# Statistics Fundamentals 

_October 27, 2020_

Agenda today:
- Measure of central tendency: mean, median, mode
- Measure of dispersion: variance, standard deviation
- Measure of relationship: covariance and correlation

In [19]:
import numpy as np
import matplotlib.pyplot as plt

## Part I. Mean, Median, and Mode
What are the definition of the three measurements?

In [20]:
array = [10,11,11,12,11,13,14,16,17,18,19,20,22,24,26,22,24]
# plot it out and examine it 
plt.style.use('fivethirtyeight')

What is the above plot called? What kind of values can it be used to represent?

## Part II. Measure of Dispersion
Two measurements of dispersion we will be concerned with is **variance** and **standard deviation**. They are both measurement of variability of dataset. Why might we need a measure of variability in addition to central tendency?
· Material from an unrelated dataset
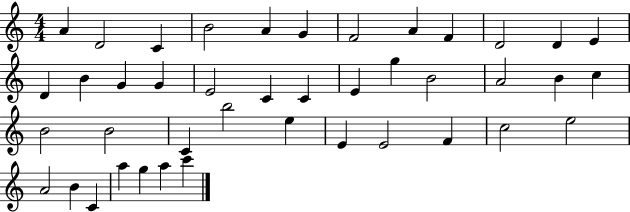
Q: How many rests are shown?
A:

#### Variance calculation:
$$ \large \sigma^2 = \dfrac{1}{n}\displaystyle\sum^n_{i=1}(x_i-\mu)^2 $$

#### Standard deviation calculation:
$$ \large \sigma = \sqrt{\dfrac{1}{n}\displaystyle\sum^n_{i=1}(x_i-\mu)^2} $$

In [52]:
# exercises

# can you write a function that takes in an array, calculate the variance and standard deviation?
def calculate_variance(array):
    '''
    calculate the variance of an array
    '''
    average = sum(array) / (len(array)-1)
    sum_dev_about_mean_sqd = []
    for num in array:
        sum_dev_about_mean_sqd.append((num - average)**2)
    return sum(sum_dev_about_mean_sqd)/len(array)
calculate_variance(array)
        

27.662683823529413

In [22]:
import math
def calculate_std(array):
    '''
    calculate the standard deviation of an array
    '''
    return math.sqrt(calculate_variance(array))
calculate_std(array)

5.150335091728831

## Part III. Covariance and Correlation
Covariance and correlation measures the degree of two variables' relationship. 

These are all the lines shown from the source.